Last modified: 2011-03-13 18:06:32 UTC
This is my first time using bugzilla, so if I did something wrong, let me know. I wrote a small bit of code that I think will make Special:Shortpages more useful. It checks the text of the pages and excludes those which are redirects, soft redirects, links to the wiktionary definition (basically soft redirects), or the template for copyvios. I've tested the code on my sandbox wiki, so I'm fairly confidant it's stable. The two problems with it that I know of are that the count at the top is wrong ("Showing below up to 8 results starting with #1." lists the number before filtering, so will actually be lower) and the related problem that instead of having 1000 results, it has 1000 - results filtered. I'm not entirely sure how to fix these yet, but I'll get there.
Created attachment 1439 [details] Diff for patch I think this is the correct format.
Performance murder.
Excluding based on redirect status, if done, should be done based on the page_is_redirect field. Pulling from page text is expensive, and "#REDIRECT" is not the only possible form so it would not be correct. If done, this should probably be done in the query rather than a filter afterwards. This may require changes to the indexes on the table to be done efficiently. Excluding based on size, if done, should be done based on a cap to the page_len field in the query. The filters for specific templates look a bit dodgy; also they're very specific to one web site and would be incorrect for everybody else in the world. If done, it may or may not be cheaper and more accurate to check the templatelinks table rather than loading page text out of indirected, compressed external storage.
(In reply to comment #3) > Excluding based on redirect status, if done, should be done based on the > page_is_redirect field. Pulling from page text is expensive, and "#REDIRECT" is > not the only possible form so it would not be correct. > Yeah, that makes sense, I hadn't thought of that. > If done, this should probably be done in the query rather than a filter > afterwards. This may require changes to the indexes on the table to be done > efficiently. Hm, I'll see if I can find out how to do that in SQL, I don't know that well (or at all). > Excluding based on size, if done, should be done based on a cap to the > page_len field in the query.
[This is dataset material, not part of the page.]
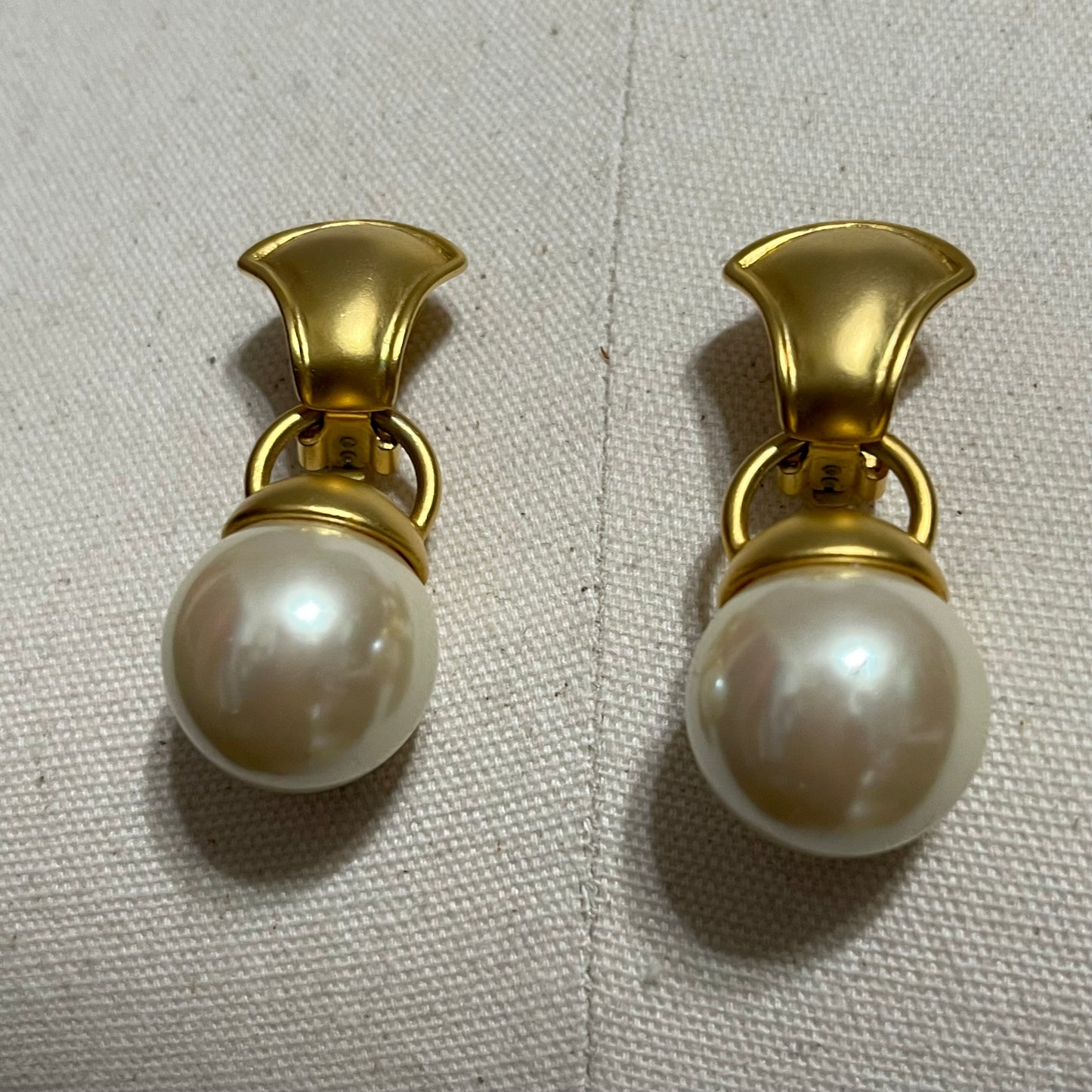 Vintage With Gold Large Pearl Clip On Earrings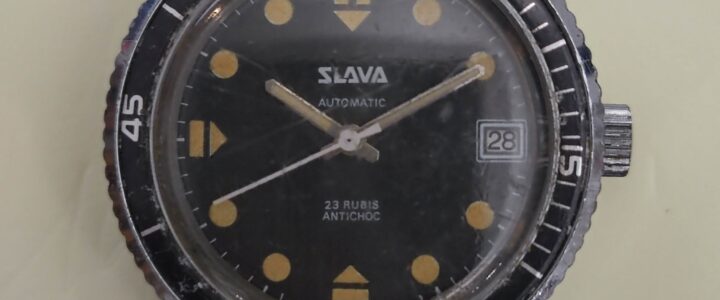 Orologio Slava Besançon automatico con quadrante nero e indicatori gialli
Okay, I'll put that, once I look up how to do that in MySQL. > The filters for specific templates look a bit dodgy; also they're very specific to > one web site and would be incorrect for everybody else in the world. If done, it > may or may not be cheaper and more accurate to check the templatelinks > table rather than loading page text out of indirected, compressed external > storage. Yeah, that's true, I have been thinking of wikipedia. I've been thinking about it, and I think it would probably be enough to exclude any page that includes a template, that would be much more general, and I think that would help find the right one. > Performance murder. Granted, I have no clue how long this would take to run, but since they are cached for a long time, it would only matter once. I think it would be able to run during an off-time, I don't think it'd take *too* long. It does take time to grab the text, but all of these pages will be less than 1k, and the majority will be around 15 bytes, so I don't think that would be overly time consuming, at least if only run once in a while.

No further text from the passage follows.